如果你需要安装annaconda conda，可以用集群的环境，例如：

source /sw/anaconda/3.7-2020.02/thisconda.sh

然后conda create自己的环境，但是这个时候，你的环境会默认存在/lustre/….//.conda下面，但是这样的问题是，你只有20GB的存储空间，因此你可以在create的时候，写清楚自己使用的环境（例如在lustre下面，然而你需要用df-inpac检查自己的innode数目，不要超过这个数目！），例如：

conda create -n  <lustre…./<user>/<dir_name>>

2. 如何确保自己的环境可以在远程节点使用？

2.1 如何安装正确的pytorch版本

由于服务器还是os7而不是el9，所以在安装的时候需要注意各种软件的版本，尤其是cuda驱动的版本，这里给出一个example，你可以参照这个去安装pytorch和cuda-toolkit。安装的时候，顺序是首先使用pip先安装对应gpu版本的pytorch:

pip install torch==2.2.2 torchvision==0.17.2 torchaudio==2.2.2 --index-url [https://download.pytorch.org/whl/cu118](https://download.pytorch.org/whl/cu118)
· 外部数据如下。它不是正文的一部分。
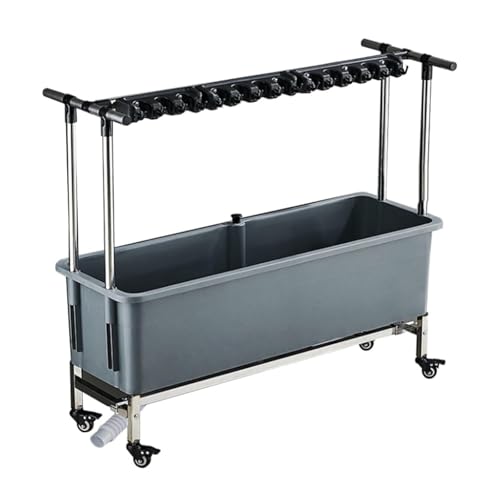 JYHHGDS Fregadero Multiusos, Cubos para fregona domésticos con Ruedas universales de 360°, Fregadero para lavandería, Organizador de fregona de Cocina (Longitud de la Piscina: 120 cm)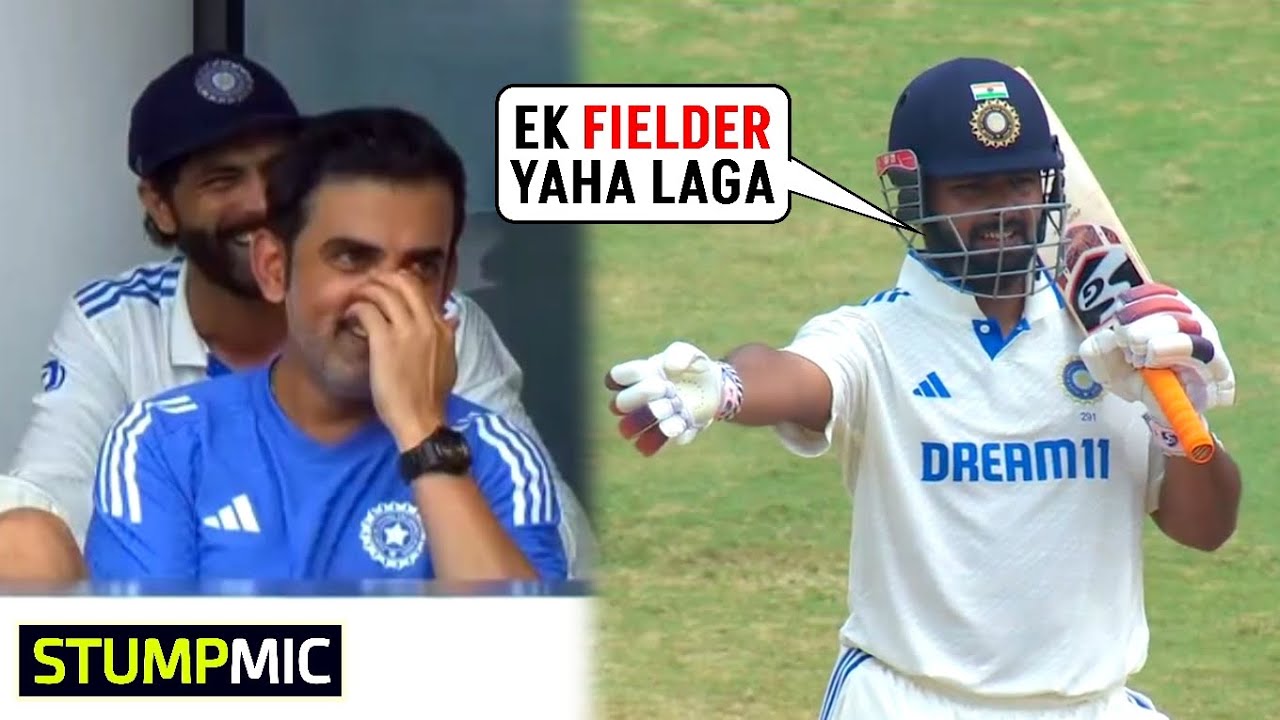 Stump Mic🎙️ Gautam Gambhir’s Amazing Reaction When Rishabh Pant Settled Bangladesh’s Fielding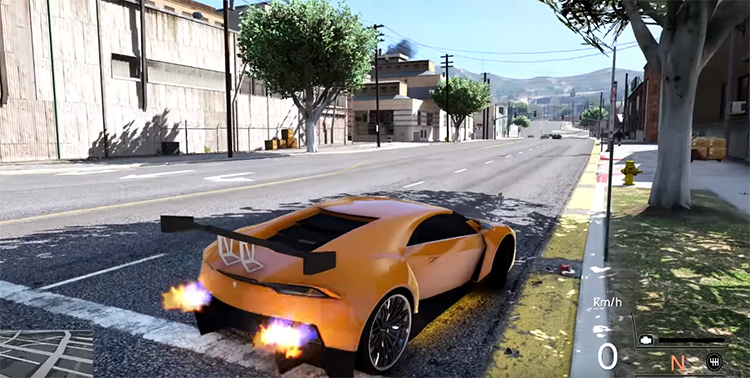 realistic driving gta 5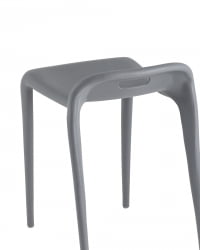 Табуретка Sletten пластик Серый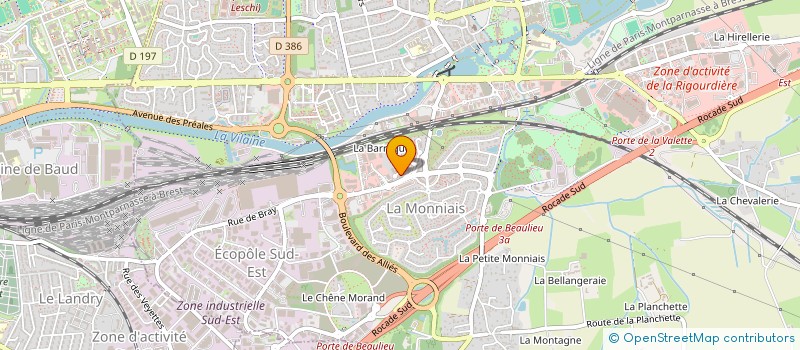 localisation de l'entreprise JESPERIER à ALENCON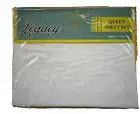 4 Pce Queen Size Sheet Set, 1 Fitted Sheet, 1 Flat Sheet & 2 Pillow Cases, White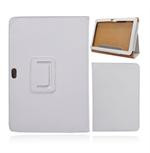 L�der cover til Samsung Galaxy Tab 8.9 (Hvid)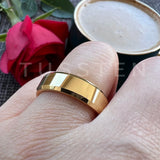 Wonderful High Polished Beveled Finish 6/8MM Men Women Tungsten Comfortable Fit Engagement Wedding Band Rings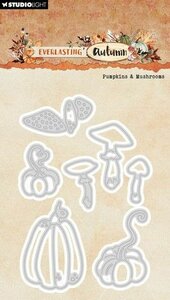 Studio Light Cutting Dies Pumpkins &amp; mushrooms Everl. Autumn nr.882 SL-EA-CD882 62x93x3mm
这时候，pip会对应地把cuda toolkit也安装好，然后可以再慢慢使用pip安装其他需要的软件包

如果你对安装的环境不是很自信，则可以登录到远程节点，如何ssh一样。

首先可以写一个空的job，什么都不干：

Universe   = vanilla
Executable =
#Arguments  =
#request_CPUs = 1   # no more than 4 CPUs
request_GPUs = 1
+SJTU_GPUModel = "V100_32G_Test"
should_transfer_files = NO
Queue

然后将文件按保存为submit_inpac_test.sub，提交的同时添加”-i” （interactive）

condor_submit -i submit_inpac_test.sub

这时候你其实等于提交了一个job，但是你自己同时也登陆到了bl-4节点（远程节点）。然后就可以像在登录节点一样，去检查是否自己安装了正确的pytorch。

3 使用 Python 将 HTCondor 任务拆分为多 CPU 并行执行

在需要进行大规模参数扫描或批量计算时，将任务拆分为多个独立子任务并行运行，可以显著减少整体运行时间。本节将介绍如何使用 HTCondor Python API 构建批量任务、分批提交、动态补交，并持续监控任务运行状态。尤其适合job 被evited的情况，同时也不超过提交脚本的上限500个。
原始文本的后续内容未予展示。